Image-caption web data
────────────────────

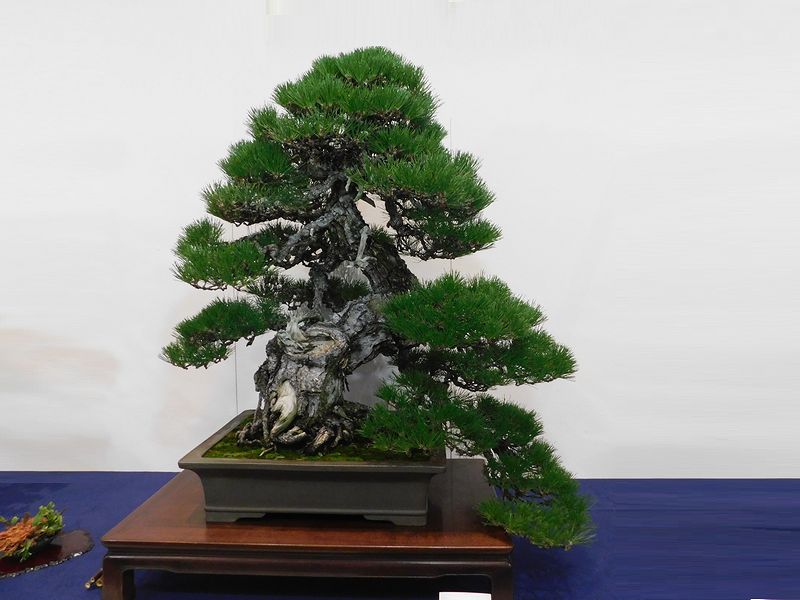 藝樹舞苔2812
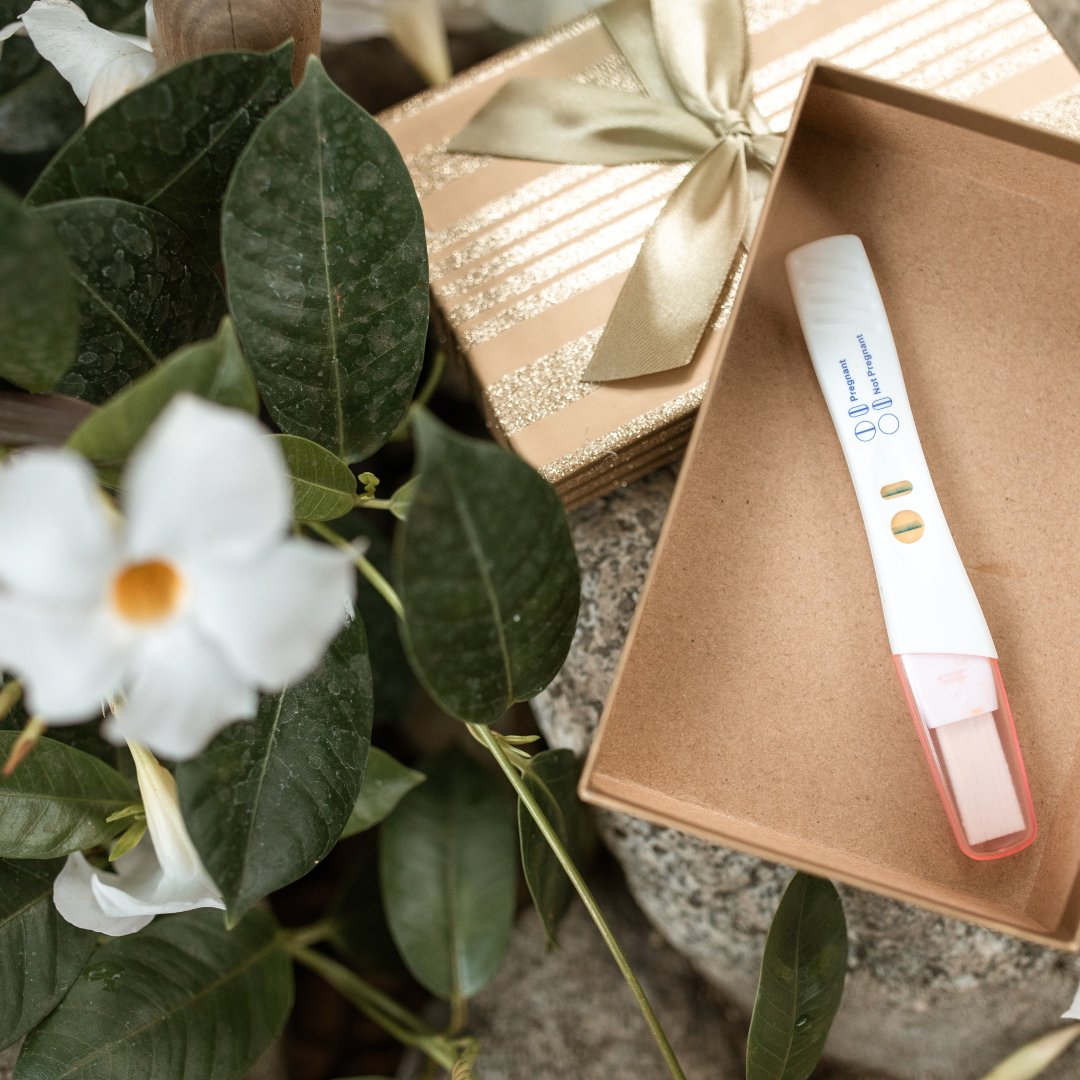 pregnancy test in a gift box, white flower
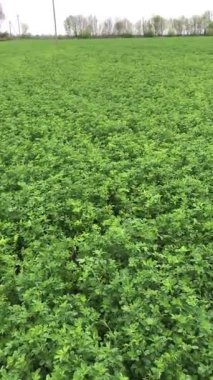 Alfalfa dışkısı. Güzel bir yonca tarlası bulutlu bir bahar gökyüzünün altında rüzgarda sallanıyor. Bitkiler iyi büyüdüğünde, saman için biçilecek - çiftlik için yem, sığır sürüsü için.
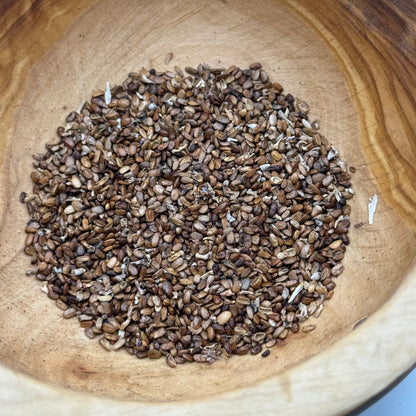 Salvia apiana - White Sage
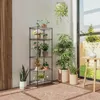 A collection of potted plants arranged on a multi-tiered shelf and on the floor, near a large window. Produktbild-Vorschau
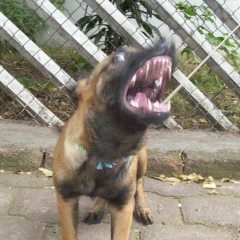 Narices En Accion, 26.09.1985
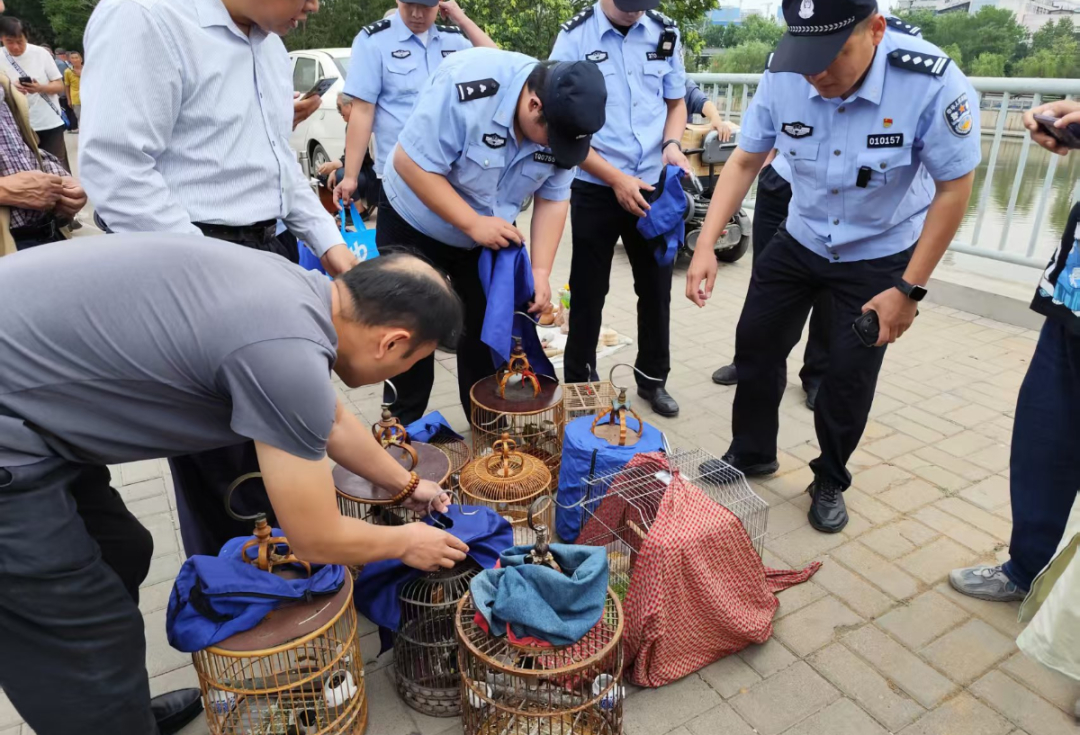 城市因园林更美好 生活因园林更幸福——2025年济南市园林和林业绿化局高质量成果展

────────────────────

What is expected -> Only the lines from the one containing "A collection of" through the final line of the entries belong in the copy, both ends included. Pictures stay out.

Response to this task ->
 A collection of potted plants arranged on a multi-tiered shelf and on the floor, near a large window. Produktbild-Vorschau
 Narices En Accion, 26.09.1985
 城市因园林更美好 生活因园林更幸福——2025年济南市园林和林业绿化局高质量成果展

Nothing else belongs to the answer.